*Supplied data:*
____

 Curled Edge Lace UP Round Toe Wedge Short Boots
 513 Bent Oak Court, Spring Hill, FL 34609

____

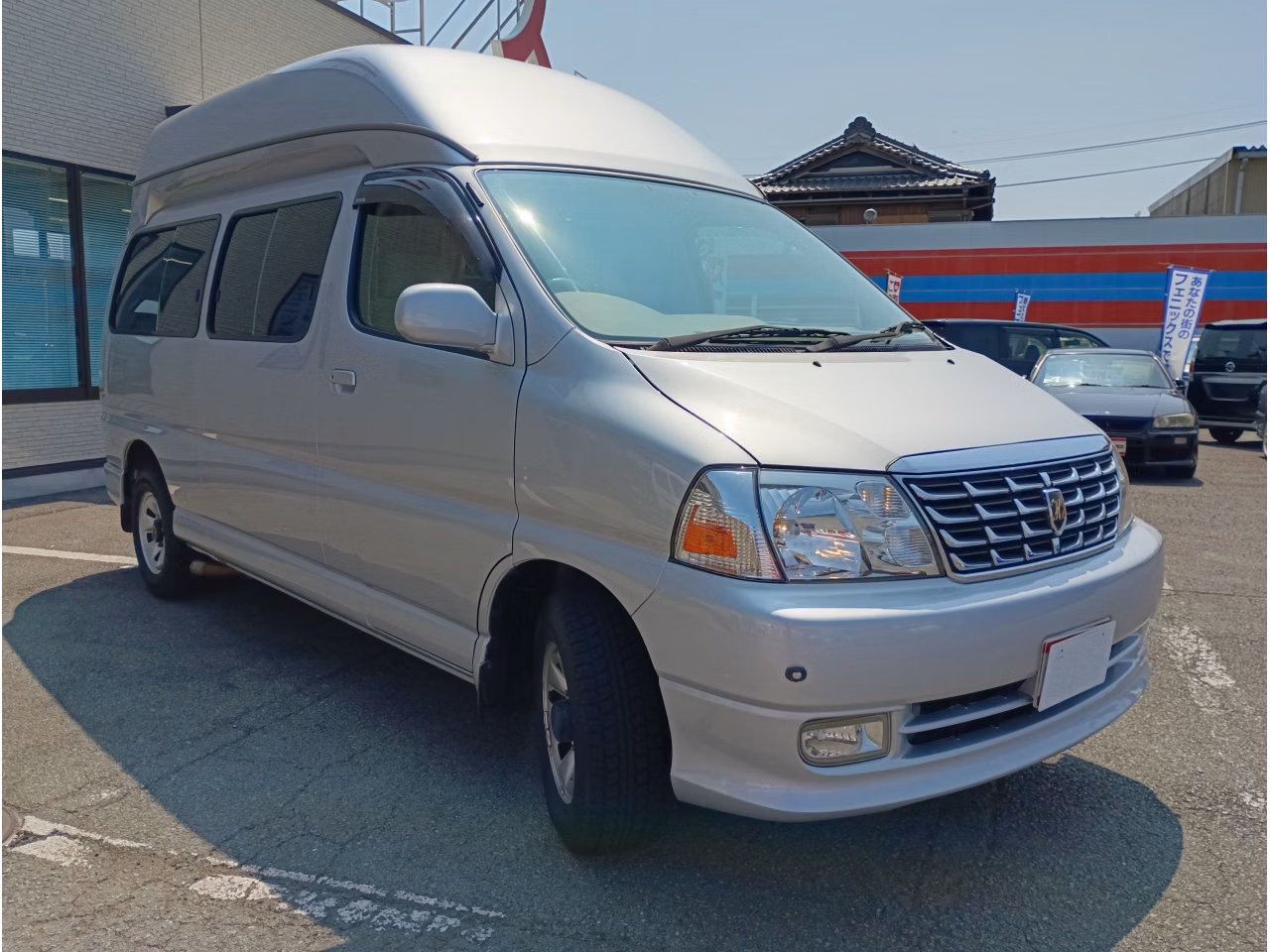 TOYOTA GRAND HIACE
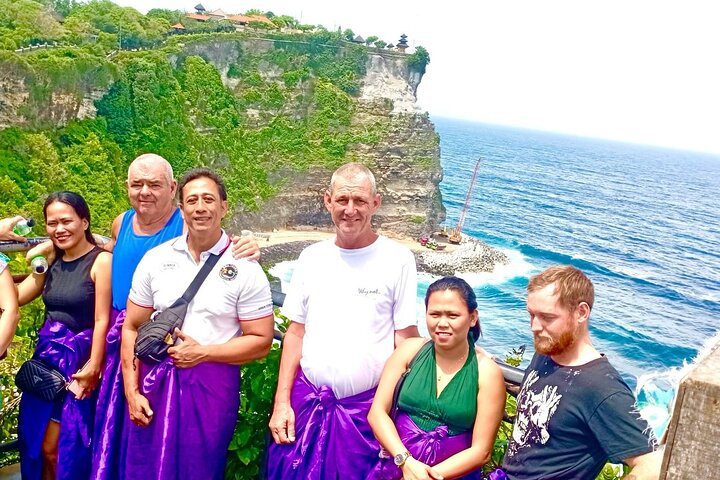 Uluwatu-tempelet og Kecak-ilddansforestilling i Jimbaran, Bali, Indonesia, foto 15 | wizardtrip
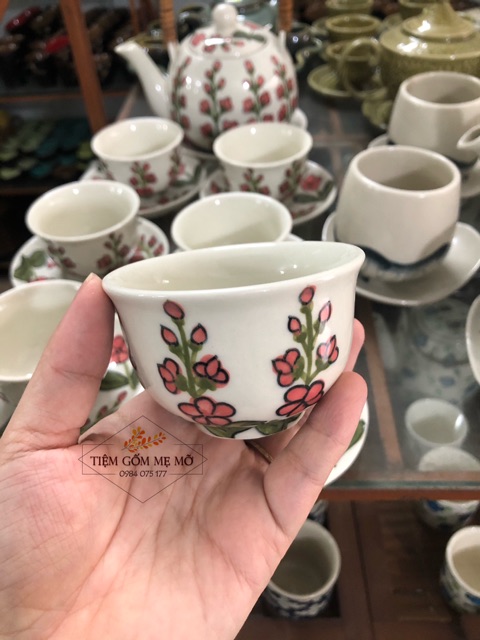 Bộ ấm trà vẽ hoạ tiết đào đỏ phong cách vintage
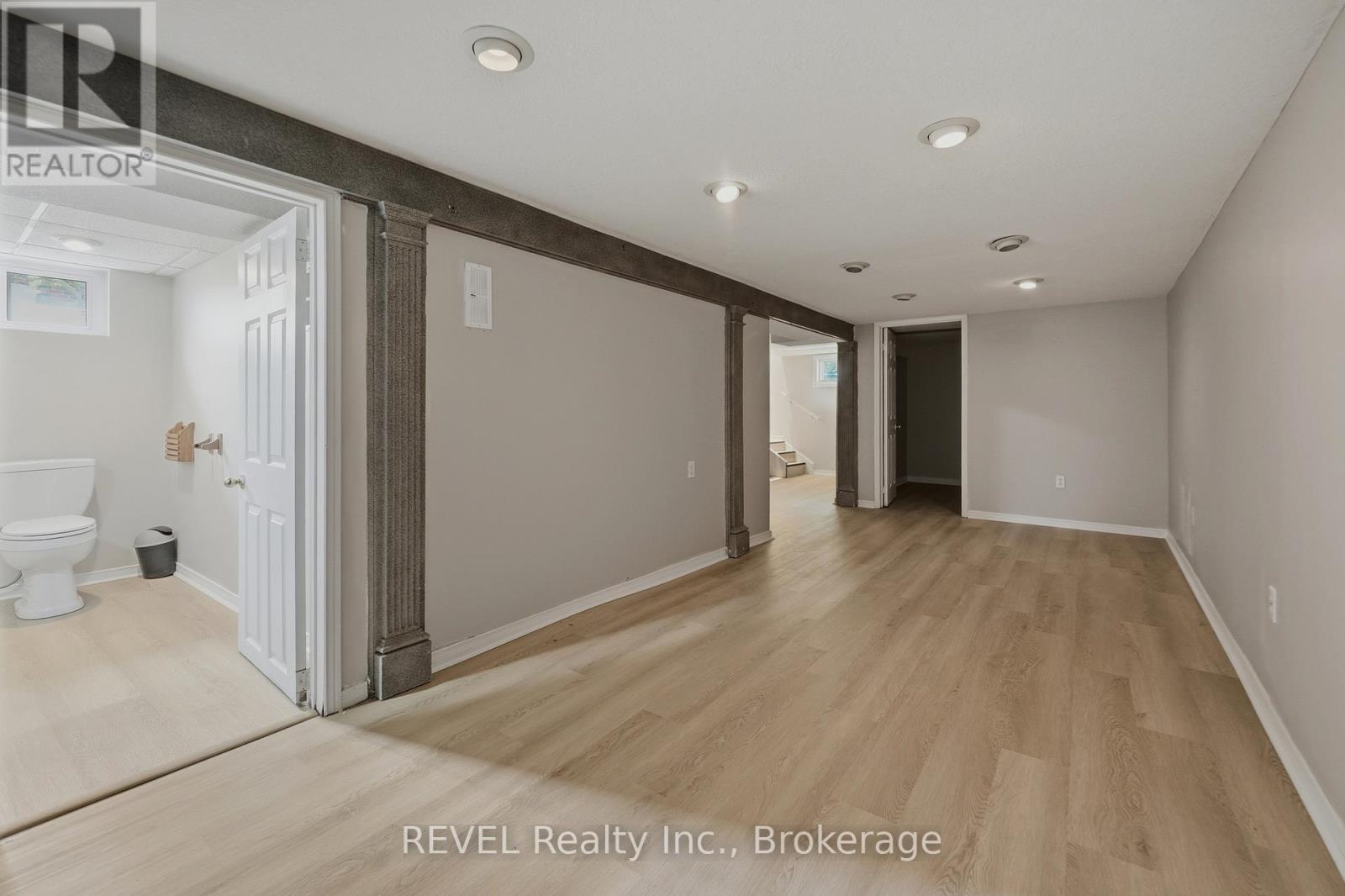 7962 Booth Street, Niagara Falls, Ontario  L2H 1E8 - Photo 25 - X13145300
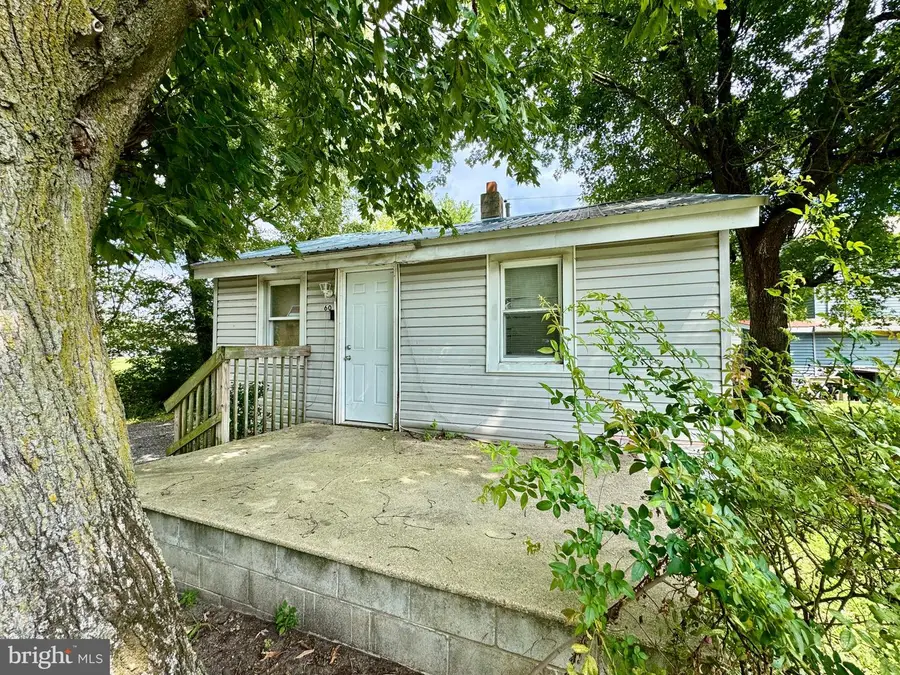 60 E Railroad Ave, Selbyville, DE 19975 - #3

____

*Work request:* Among the entries above, copy exactly only the lines starting with the one containing "Curled Edge Lace" and going through the one containing "513 Bent Oak Court, Spring Hill, FL 34609", both ends included.

*Finished exercise:*
 Curled Edge Lace UP Round Toe Wedge Short Boots
 513 Bent Oak Court, Spring Hill, FL 34609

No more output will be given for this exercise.